И последнее слепое пятно в человеческой природе — это неспособность современных художников и теоретиков вскрыть противоречия собственных нравственных притязаний. Художники и критики долгое время верили, что умение разбираться в элитарном искусстве облагораживает, и говорили об обывателях тоном, обычно приберегаемым для растлителей малолетних (подобный двойной смысл мы видим в слове варвар). Притязания на преобразование общества, сопровождающие модернизм и постмодернизм, — часть этой же традиции.

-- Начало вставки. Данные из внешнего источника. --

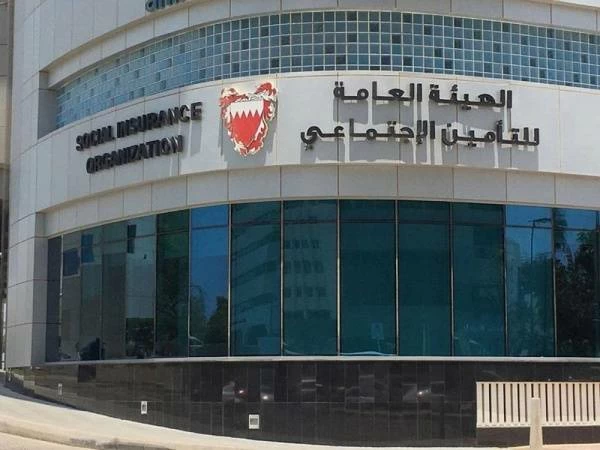 البحرين – «التأمين الاجتماعي»: لسنا جهة اتخاذ قرار بشأن «البطالة» بل جهة تنفيذية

Хотя нравственная искушенность требует понимания истории и культурного многообразия, нет причины думать, будто элитарное искусство — предпочтительный способ добиться этого по сравнению с традиционной реалистической литературой или традиционным образованием. Простой факт: чем бы люди ни развлекались в свободное время, это не влечет за собой очевидных моральных последствий. Убеждение, что художники и ценители искусства нравственно превосходят других людей, — когнитивная иллюзия, порожденная фактом, что нейронные связи, отвечающие за нравственность, переплетаются с нейронной сетью статуса (см. главу 15). Как сказал критик Джордж Стайнер: «Мы знаем, что человек может по вечерам читать Гёте и Рильке, играть Баха и Шуберта, а по утрам отправляться на работу в Аушвиц»61. И наоборот, на Земле живет множество неграмотных людей, которые сдают кровь, рискуют своими жизнями в добровольных пожарных дружинах, усыновляют детей-инвалидов, но о современном искусстве думают примерно в духе: «Моя четырехлетняя дочь могла бы нарисовать не хуже».